_Task item_
No pictures should appear in the copy; otherwise retype the entries exactly.

_Given records_

────────────────────

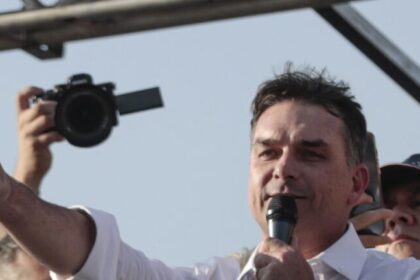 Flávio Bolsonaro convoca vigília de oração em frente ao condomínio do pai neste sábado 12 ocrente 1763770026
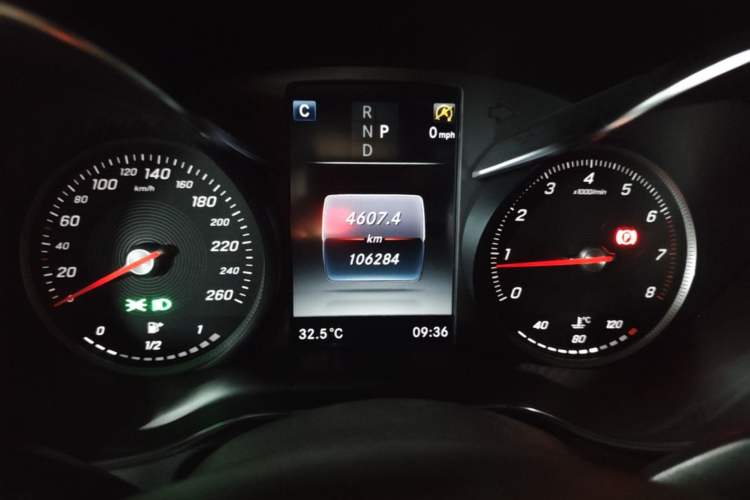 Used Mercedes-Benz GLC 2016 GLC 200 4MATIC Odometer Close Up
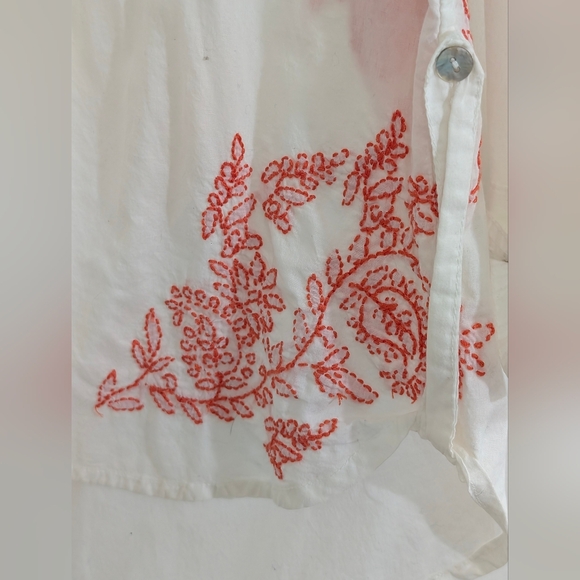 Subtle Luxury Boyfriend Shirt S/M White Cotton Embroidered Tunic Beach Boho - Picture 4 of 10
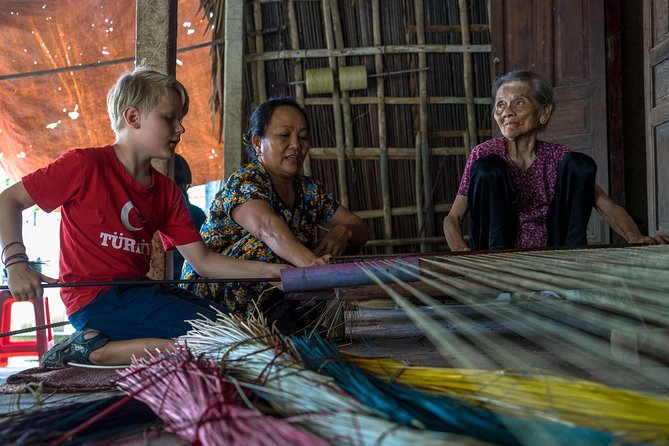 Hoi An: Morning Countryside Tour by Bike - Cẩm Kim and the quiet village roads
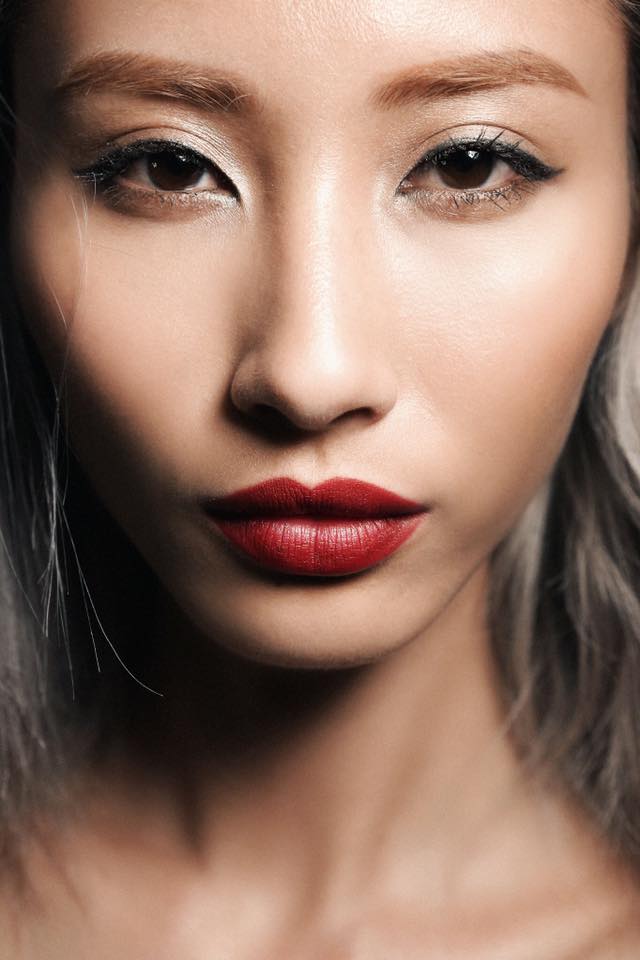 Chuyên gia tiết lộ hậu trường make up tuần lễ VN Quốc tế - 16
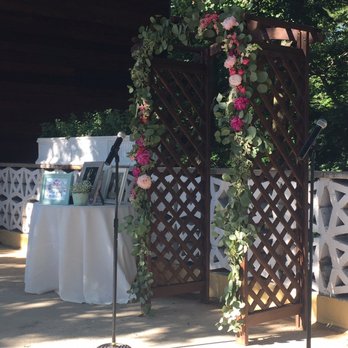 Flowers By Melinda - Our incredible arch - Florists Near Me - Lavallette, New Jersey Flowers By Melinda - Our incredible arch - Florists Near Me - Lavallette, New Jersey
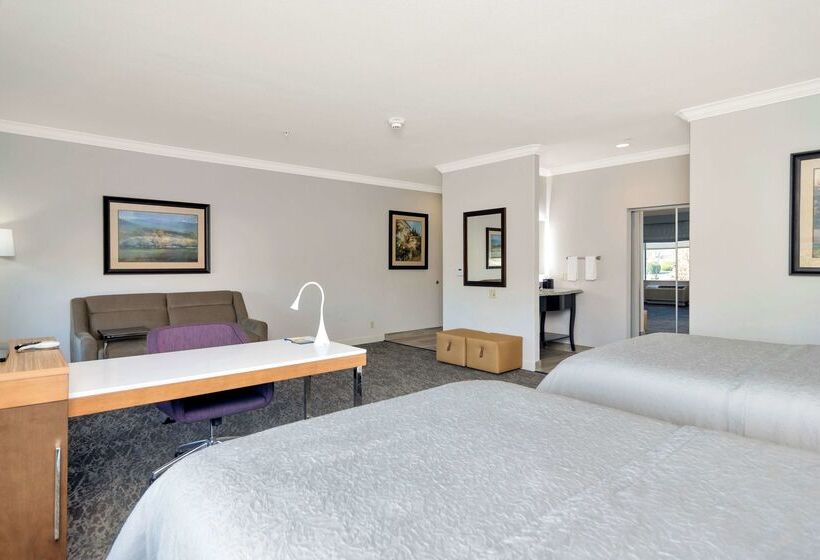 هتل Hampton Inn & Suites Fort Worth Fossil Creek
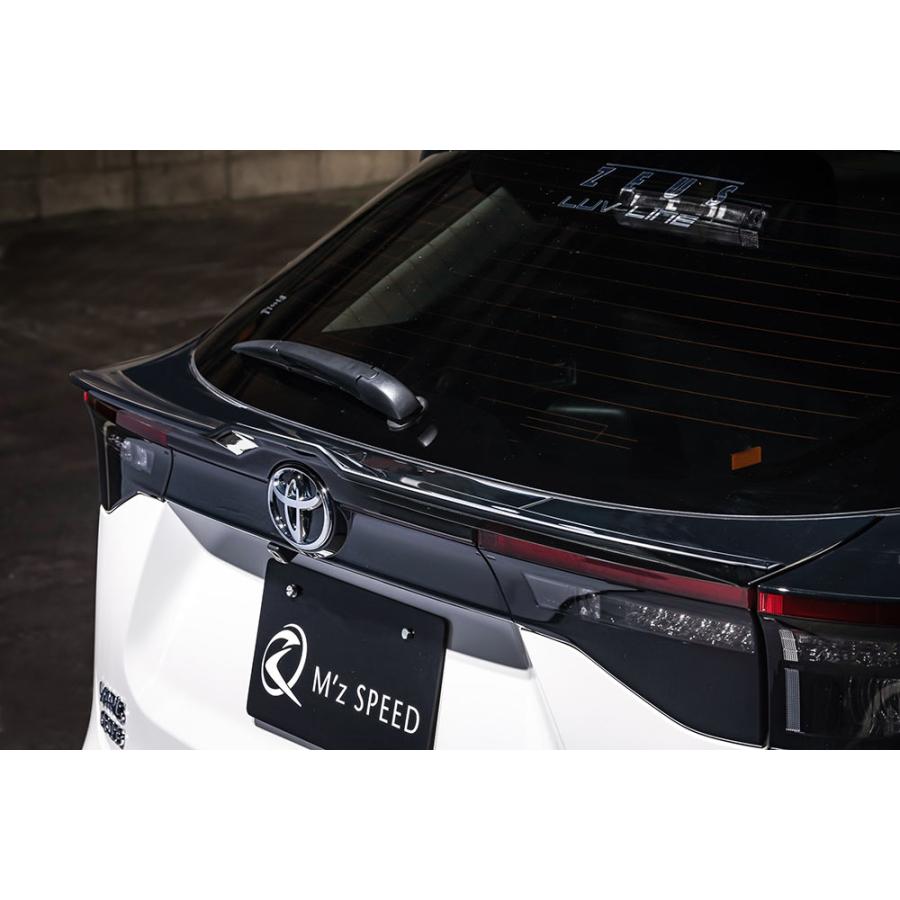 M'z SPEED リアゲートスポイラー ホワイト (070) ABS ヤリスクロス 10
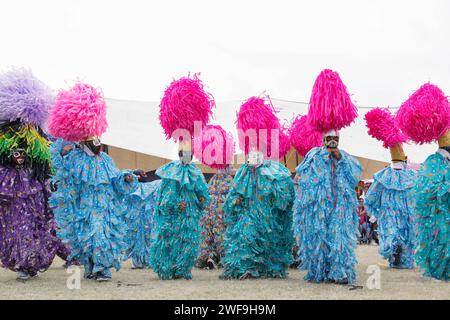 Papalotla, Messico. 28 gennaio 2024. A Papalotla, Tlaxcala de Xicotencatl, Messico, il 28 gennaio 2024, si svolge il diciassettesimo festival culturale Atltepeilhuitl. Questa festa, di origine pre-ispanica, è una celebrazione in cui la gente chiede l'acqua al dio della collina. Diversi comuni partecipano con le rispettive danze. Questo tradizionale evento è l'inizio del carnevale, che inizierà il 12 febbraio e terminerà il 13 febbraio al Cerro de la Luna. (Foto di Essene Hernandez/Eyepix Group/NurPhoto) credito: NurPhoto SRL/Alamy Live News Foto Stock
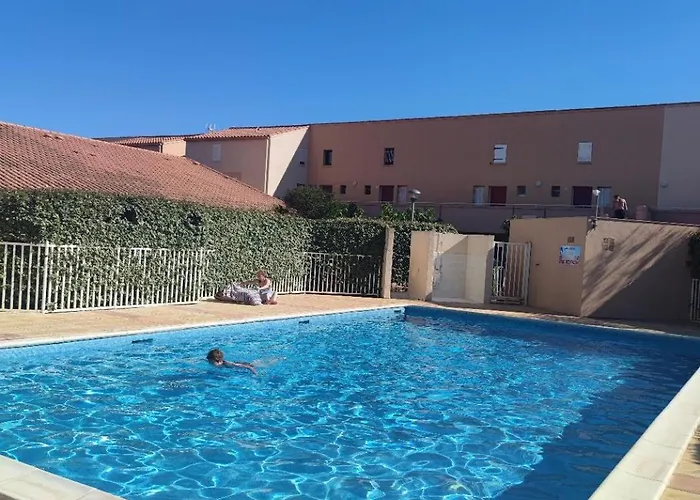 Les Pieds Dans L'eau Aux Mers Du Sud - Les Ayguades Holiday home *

────────────────────

_Result for this exercise_
 Flávio Bolsonaro convoca vigília de oração em frente ao condomínio do pai neste sábado 12 ocrente 1763770026
 Used Mercedes-Benz GLC 2016 GLC 200 4MATIC Odometer Close Up
 Subtle Luxury Boyfriend Shirt S/M White Cotton Embroidered Tunic Beach Boho - Picture 4 of 10
 Hoi An: Morning Countryside Tour by Bike - Cẩm Kim and the quiet village roads
 Chuyên gia tiết lộ hậu trường make up tuần lễ VN Quốc tế - 16
 Flowers By Melinda - Our incredible arch - Florists Near Me - Lavallette, New Jersey Flowers By Melinda - Our incredible arch - Florists Near Me - Lavallette, New Jersey
 هتل Hampton Inn & Suites Fort Worth Fossil Creek
 M'z SPEED リアゲートスポイラー ホワイト (070) ABS ヤリスクロス 10
 Papalotla, Messico. 28 gennaio 2024. A Papalotla, Tlaxcala de Xicotencatl, Messico, il 28 gennaio 2024, si svolge il diciassettesimo festival culturale Atltepeilhuitl. Questa festa, di origine pre-ispanica, è una celebrazione in cui la gente chiede l'acqua al dio della collina. Diversi comuni partecipano con le rispettive danze. Questo tradizionale evento è l'inizio del carnevale, che inizierà il 12 febbraio e terminerà il 13 febbraio al Cerro de la Luna. (Foto di Essene Hernandez/Eyepix Group/NurPhoto) credito: NurPhoto SRL/Alamy Live News Foto Stock
 Les Pieds Dans L'eau Aux Mers Du Sud - Les Ayguades Holiday home *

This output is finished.